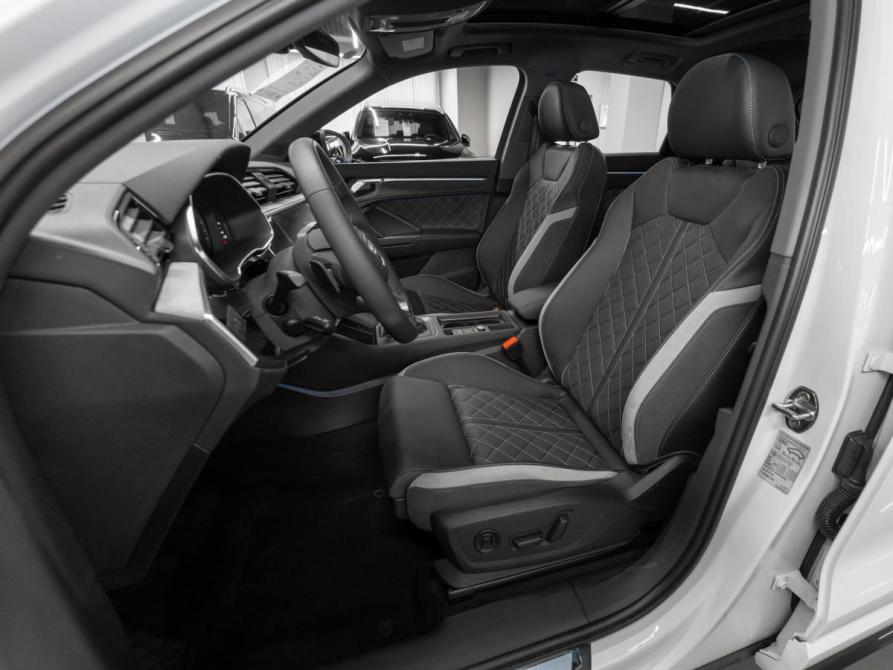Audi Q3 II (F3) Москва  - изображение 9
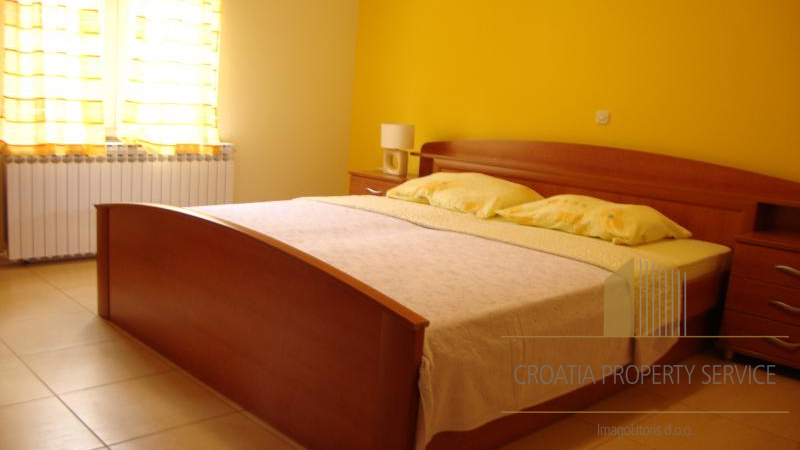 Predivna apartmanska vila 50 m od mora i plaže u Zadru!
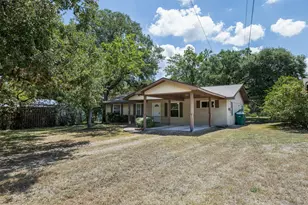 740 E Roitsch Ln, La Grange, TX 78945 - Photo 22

_ _ _ _ _ _ _

Problem statement.
Every line of the data above should be repeated exactly. Omit the pictures.

Solution to this problem.
Audi Q3 II (F3) Москва  - изображение 9
 Predivna apartmanska vila 50 m od mora i plaže u Zadru!
 740 E Roitsch Ln, La Grange, TX 78945 - Photo 22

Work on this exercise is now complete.